Ahead of the 2018 African Writers Conference being organized by African Writers Development Trust (AWDT) under the theme: Reimagining African Literature: New Voices, New Narratives in the Fight for the Girl Child, Nahida Esmail, an award-winning author and keynote speaker at the forthcoming event speaks on the role of women and writers in Africa’s development.
Tell us about the African Writers Development Trust (AWDT).
African Writers Development Trust (AWDT) is a non-governmental organization that promotes reading culture, encourages cross-cultural learning, sharing of creative ideas and thoughts that would impart the society positively. The journey of AWDT began in 2016 as Writers’ Space, a subsidiary of Acacia Publishers Limited, a company also founded and registered by Anthony Onugba from Nigeria.
Anthony’s intention was to help struggling authors have a global reach by providing them with a web space that serves as a platform for the sharing and promotion of their writings. That was how the name Writers’ Space came about. At first, the scope was limited to Nigeria, offering comprehensive writer’s solution for writers – editing, proofreading, eBook publishing, amongst others. Later on, Writers’ Space evolved to become a writer services company incorporating a writer’s forum which attracted several writers from across the African continent.
In December 2016, Writers’ Space evolved into a magazine whose maiden issue was released on January 7, 2017. Since then, subsequent editions are being released on the first of every month. In June 2017, the magazine was renamed Writers Space Africa (WSA) and refocused more on the empowerment of African writers and exposing them to global audience.
As WSA grew and became popular, we saw the need to launch what an annual writers’ conference, by and for African writers. After several rejection of the name Writers Space Africa for registration, the name African Writers Development Trust (AWDT) was incorporated. Writers Space Africa then became divorced from Acacia and got retained as a publication of AWDT.
African Writers Development Trust seeks to promote education, create educational opportunities and literacy programs for writers, students and other educationally less privileged persons both locally and internationally for the benefit of humanity.
What role can African writers play in the development of the continent?
The role of education and writers is very significant in our society’s development process – writing is of utmost importance. In the past, oral traditions preserved our culture, heritage and traditions. Nowadays, writing has taken its place, communicating the important truths and narratives from an African perspective. It was once said ‘If you want to hide information from an African put it in a book.’
This has changed with writers on the rise. For example, Chinua Achebe’s classic ‘Things Fall apart’ breaks the stereotypical European narrative of the native Africans. When the white man looks at the Igbo customs without understanding or speaking the language, he is forced to see it through the Western perspective and therefore considers it bad. Chimamanda Adichie also promotes culture and a sense of belonging so people can embrace their African-ness. We have to be in control of our narratives.
The African Writers Conference is coming up on the 1st of December, 2018, in Abuja, Nigeria. Its theme is focused on the girl-child, what do you aim to achieve with the conference?
One of the objectives for the conference is to provide a gateway for continuous engagement and cross-interaction on the issue of the girl child. So, we aim to promote a cross-cultural discussion that will lead to the development of literature and strategies for the development of African literary space.

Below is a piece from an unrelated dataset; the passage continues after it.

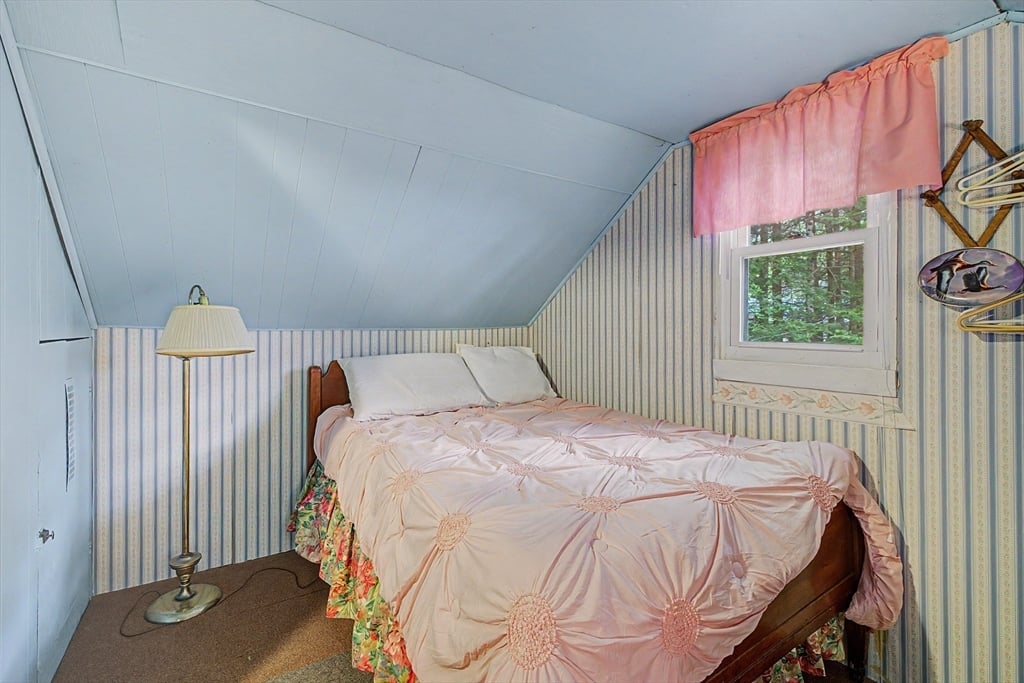 54 Bray Rd Photo 33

You are a champion for women rights, how can writing empower African women?
Writing empowers in general. The saying, ‘the pen is mightier than the sword’ gives women the power to say what they want from their perspective. As women, we should take charge of our narratives and not let the men or women from other continents take over and talk about our experiences. When someone looks from the outside world into ours, they can misinterpret our beliefs and cultures as primitive because they look at them through their lens. Therefore, it’s our duty as African women writers to tell the world things as they are, from our own point of view.

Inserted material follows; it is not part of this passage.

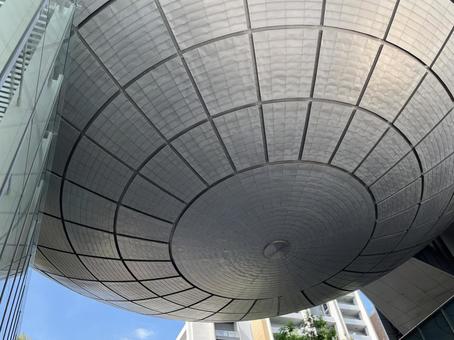 名古屋市科学館の球体の下 名古屋市科学館の球体の下 プラネタリウム,球体,球形の写真素材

There is a poor reading culture in Africa. How can we get Africans to begin to read more?
As African writers, we have to produce more books. The more choices we can bring our children, the more we increase chances for them to read. We also need to find creative and innovative ways that will make our children turn to books and view them as fun and entertaining. Also, as a society we need to realize that reading is empowerment.
I wrote this poem a while back and I think it sums this up:
If you want to lead
The brain you shall feed
Sowing the seed
Removing the weed
Satiating your need
With a book, Success you will knead
For reading will lead you to succeed”
What advice do you have for African writers, especially women?
There are so many untold stories and stories are often best told by those who have lived through them. For example, there are women who may have faced the same challenges we are raising at the conference. When women share their stories, we can understand the problem better and fight for its cause. This is the time to raise our voices and stand together for the girl-child. If we don’t step forward as women, physically, mentally and vocally, others won’t realize the importance of our cause and won’t see the need to join. We have to take the first step!